Representation (Data/Model → Eyes)

Once results are obtained from querying and modeling, the next step is to find a (visual) representation so that the user can inspect and understand them. This is the realm of data visualization. But while most people, when they hear “data visualization” think about colorful fancy graphics, it is totally appropriate to expect a simple data table to be an effective means to inspect the results. I find it somewhat interesting that we use the word “visualization” to mostly mean complex graphical puzzles, when in fact a table is as visual as anything else.

“How fancy does a visualization need to be in order to be useful for data analysis?

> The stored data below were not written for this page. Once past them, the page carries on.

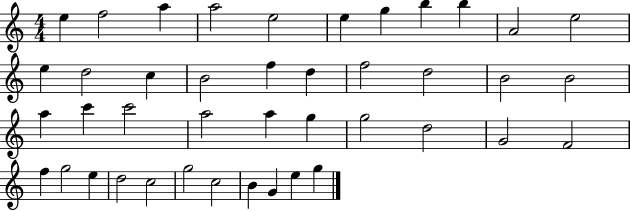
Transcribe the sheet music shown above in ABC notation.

X:1
T:Untitled
M:4/4
L:1/4
K:C
e f2 a a2 e2 e g b b A2 e2 e d2 c B2 f d f2 d2 B2 B2 a c' c'2 a2 a g g2 d2 G2 F2 f g2 e d2 c2 g2 c2 B G e g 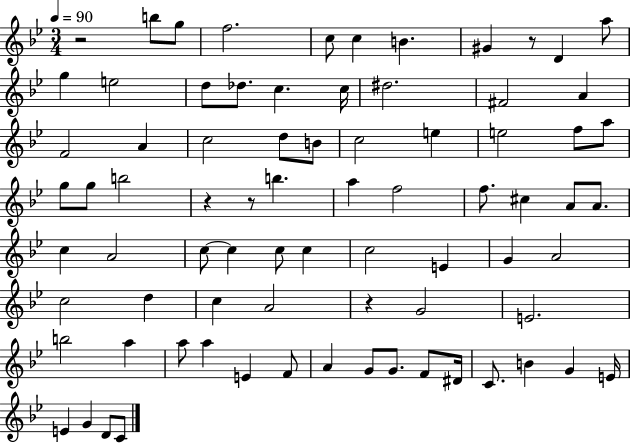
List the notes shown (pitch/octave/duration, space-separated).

R/h B5/e G5/e F5/h. C5/e C5/q B4/q. G#4/q R/e D4/q A5/e G5/q E5/h D5/e Db5/e. C5/q. C5/s D#5/h. F#4/h A4/q F4/h A4/q C5/h D5/e B4/e C5/h E5/q E5/h F5/e A5/e G5/e G5/e B5/h R/q R/e B5/q. A5/q F5/h F5/e. C#5/q A4/e A4/e. C5/q A4/h C5/e C5/q C5/e C5/q C5/h E4/q G4/q A4/h C5/h D5/q C5/q A4/h R/q G4/h E4/h. B5/h A5/q A5/e A5/q E4/q F4/e A4/q G4/e G4/e. F4/e D#4/s C4/e. B4/q G4/q E4/s E4/q G4/q D4/e C4/e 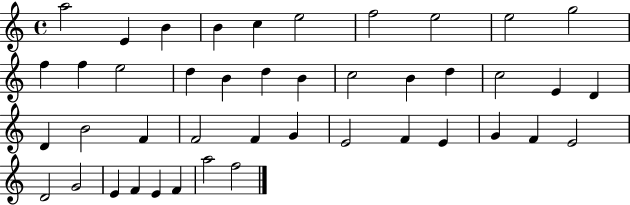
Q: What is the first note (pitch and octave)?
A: A5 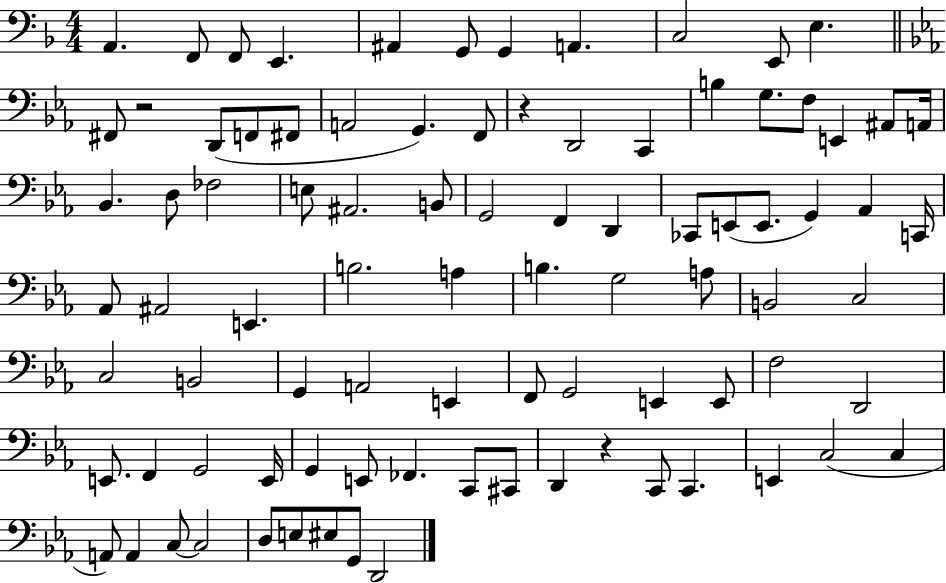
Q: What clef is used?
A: bass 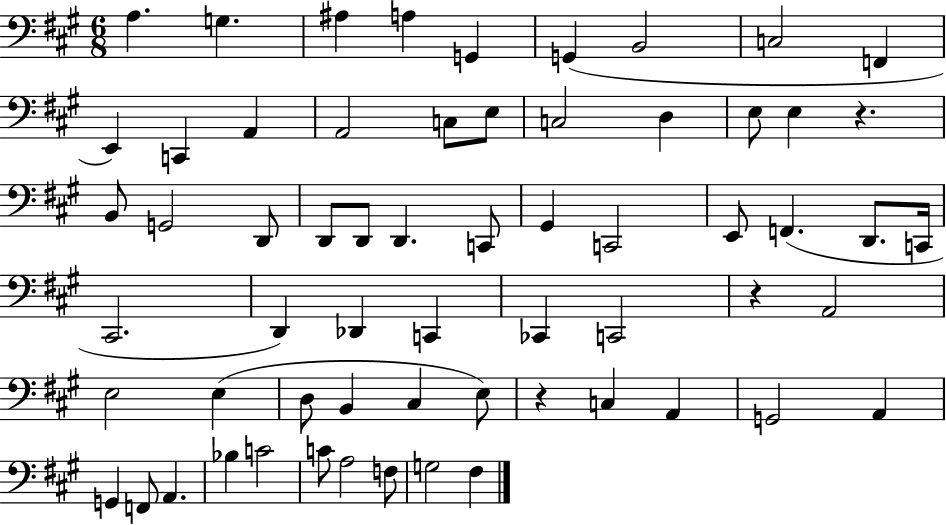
X:1
T:Untitled
M:6/8
L:1/4
K:A
A, G, ^A, A, G,, G,, B,,2 C,2 F,, E,, C,, A,, A,,2 C,/2 E,/2 C,2 D, E,/2 E, z B,,/2 G,,2 D,,/2 D,,/2 D,,/2 D,, C,,/2 ^G,, C,,2 E,,/2 F,, D,,/2 C,,/4 ^C,,2 D,, _D,, C,, _C,, C,,2 z A,,2 E,2 E, D,/2 B,, ^C, E,/2 z C, A,, G,,2 A,, G,, F,,/2 A,, _B, C2 C/2 A,2 F,/2 G,2 ^F, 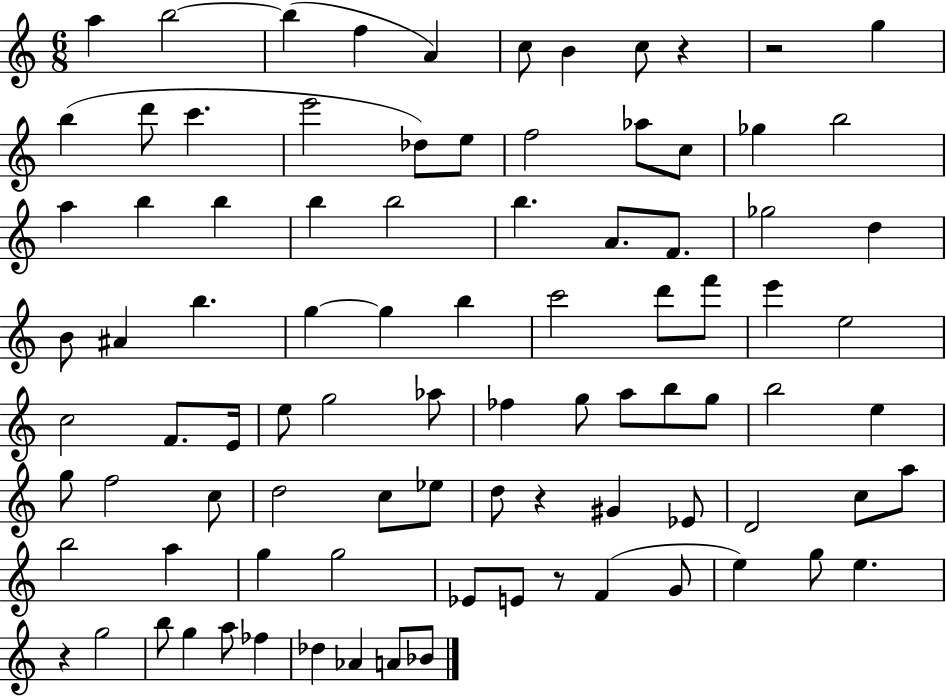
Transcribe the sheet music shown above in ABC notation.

X:1
T:Untitled
M:6/8
L:1/4
K:C
a b2 b f A c/2 B c/2 z z2 g b d'/2 c' e'2 _d/2 e/2 f2 _a/2 c/2 _g b2 a b b b b2 b A/2 F/2 _g2 d B/2 ^A b g g b c'2 d'/2 f'/2 e' e2 c2 F/2 E/4 e/2 g2 _a/2 _f g/2 a/2 b/2 g/2 b2 e g/2 f2 c/2 d2 c/2 _e/2 d/2 z ^G _E/2 D2 c/2 a/2 b2 a g g2 _E/2 E/2 z/2 F G/2 e g/2 e z g2 b/2 g a/2 _f _d _A A/2 _B/2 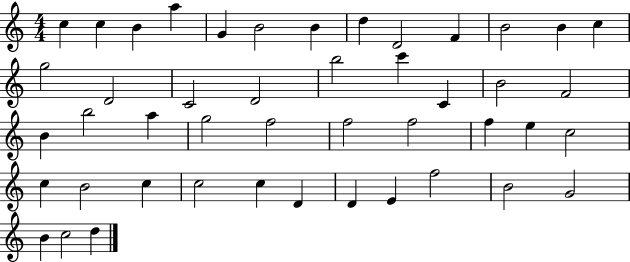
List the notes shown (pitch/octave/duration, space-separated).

C5/q C5/q B4/q A5/q G4/q B4/h B4/q D5/q D4/h F4/q B4/h B4/q C5/q G5/h D4/h C4/h D4/h B5/h C6/q C4/q B4/h F4/h B4/q B5/h A5/q G5/h F5/h F5/h F5/h F5/q E5/q C5/h C5/q B4/h C5/q C5/h C5/q D4/q D4/q E4/q F5/h B4/h G4/h B4/q C5/h D5/q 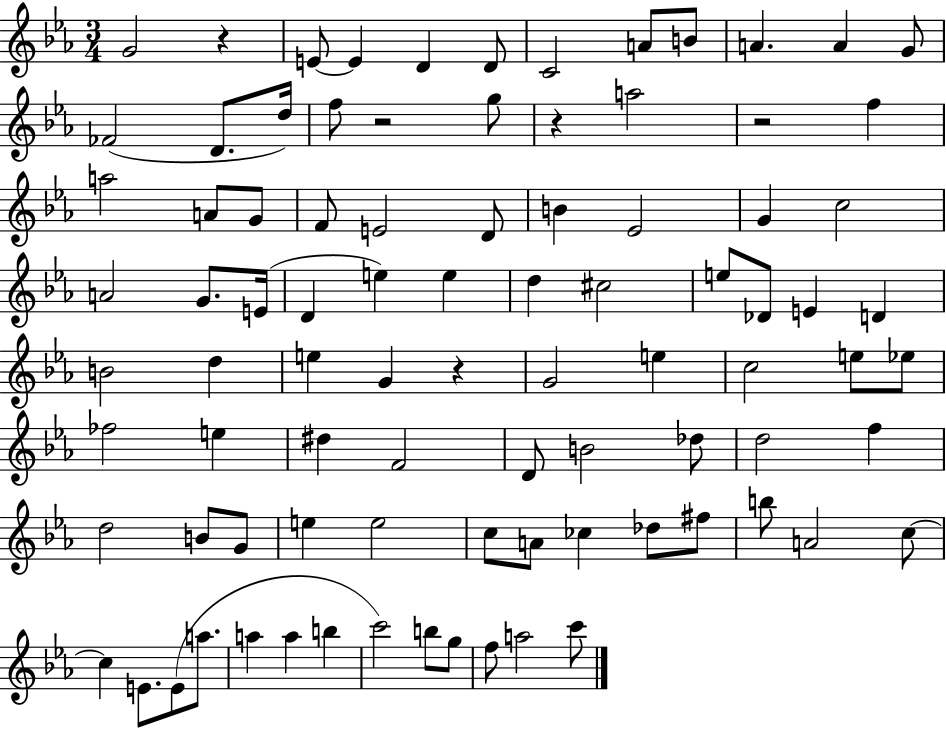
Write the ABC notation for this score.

X:1
T:Untitled
M:3/4
L:1/4
K:Eb
G2 z E/2 E D D/2 C2 A/2 B/2 A A G/2 _F2 D/2 d/4 f/2 z2 g/2 z a2 z2 f a2 A/2 G/2 F/2 E2 D/2 B _E2 G c2 A2 G/2 E/4 D e e d ^c2 e/2 _D/2 E D B2 d e G z G2 e c2 e/2 _e/2 _f2 e ^d F2 D/2 B2 _d/2 d2 f d2 B/2 G/2 e e2 c/2 A/2 _c _d/2 ^f/2 b/2 A2 c/2 c E/2 E/2 a/2 a a b c'2 b/2 g/2 f/2 a2 c'/2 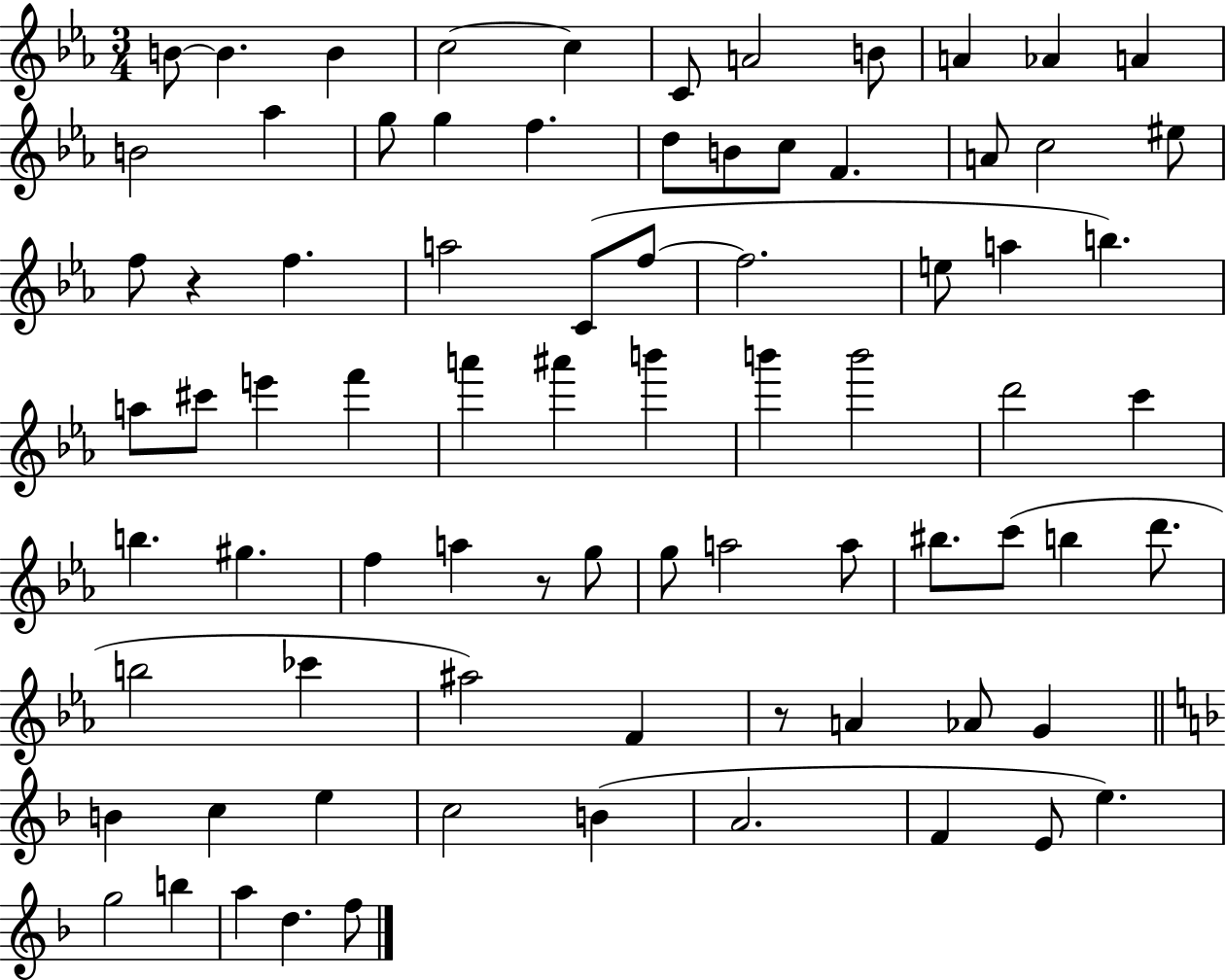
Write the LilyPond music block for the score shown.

{
  \clef treble
  \numericTimeSignature
  \time 3/4
  \key ees \major
  b'8~~ b'4. b'4 | c''2~~ c''4 | c'8 a'2 b'8 | a'4 aes'4 a'4 | \break b'2 aes''4 | g''8 g''4 f''4. | d''8 b'8 c''8 f'4. | a'8 c''2 eis''8 | \break f''8 r4 f''4. | a''2 c'8( f''8~~ | f''2. | e''8 a''4 b''4.) | \break a''8 cis'''8 e'''4 f'''4 | a'''4 ais'''4 b'''4 | b'''4 b'''2 | d'''2 c'''4 | \break b''4. gis''4. | f''4 a''4 r8 g''8 | g''8 a''2 a''8 | bis''8. c'''8( b''4 d'''8. | \break b''2 ces'''4 | ais''2) f'4 | r8 a'4 aes'8 g'4 | \bar "||" \break \key f \major b'4 c''4 e''4 | c''2 b'4( | a'2. | f'4 e'8 e''4.) | \break g''2 b''4 | a''4 d''4. f''8 | \bar "|."
} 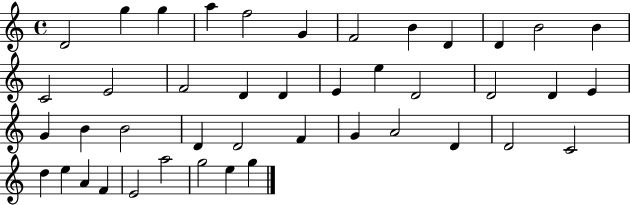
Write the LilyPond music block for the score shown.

{
  \clef treble
  \time 4/4
  \defaultTimeSignature
  \key c \major
  d'2 g''4 g''4 | a''4 f''2 g'4 | f'2 b'4 d'4 | d'4 b'2 b'4 | \break c'2 e'2 | f'2 d'4 d'4 | e'4 e''4 d'2 | d'2 d'4 e'4 | \break g'4 b'4 b'2 | d'4 d'2 f'4 | g'4 a'2 d'4 | d'2 c'2 | \break d''4 e''4 a'4 f'4 | e'2 a''2 | g''2 e''4 g''4 | \bar "|."
} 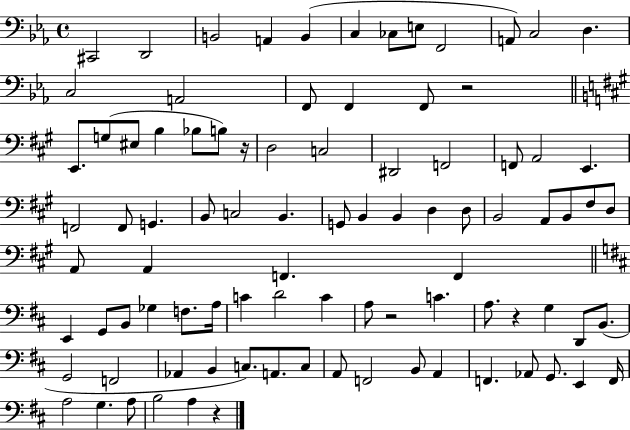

Another important question here is: “how fancy does a visualization need to be in order to be useful for data analysis?”. I am a huge fan of well-crafted, sleek, attractive, bespoke visualization projects. The beauty of colorful pixels is what made me fall in love with visualization in the first place. Yet, I am not sure how much this counts when the main goal is data analysis. More precisely, while I do think that aesthetics plays a major role in a visualization, I am not sure how much innovation we still need in producing novel metaphors for data visualization.

Interpretation (Eyes → Mind)

This step is crucial and yet often neglected. Once results are represented, people need to interpret them and understand what they mean. This is a very complex cognitive process that links together several pieces of knowledge. Think about it: what does one need to know in order to reason effectively about the results of modeling and visualization? At minimum you need to be able to understand the representation and the model, the way they link to the real world entities they represent and, finally, but crucially, how they relate to the knowledge you already have in your head. Let me focus on visualization and modeling.

“Are people able to interpret and trust their visualizations and models?”

The important question here is: “Are people able to interpret and trust their models?”. In order to interpret a visualization effectively you need to first understand the visual metaphor and second the visual metaphor itself needs to convey information in the least ambiguous/uncertain way possible. Unfortunately, not all visual representations are like that. A notable example is multidimensional projections (using algorithms such as t-SNE and MDS) which use a somewhat intuitive metaphor (proximity equals similarity) but are also unbearably ambiguous. Here is an example of a projection showing similarity between words extracted from IMDB reviews:

Example of t-SNE projection
Example of topics generated by topic modeling (with the LDA method)

Suggestions

I have two sets of suggestions: one for practitioners and one for researchers.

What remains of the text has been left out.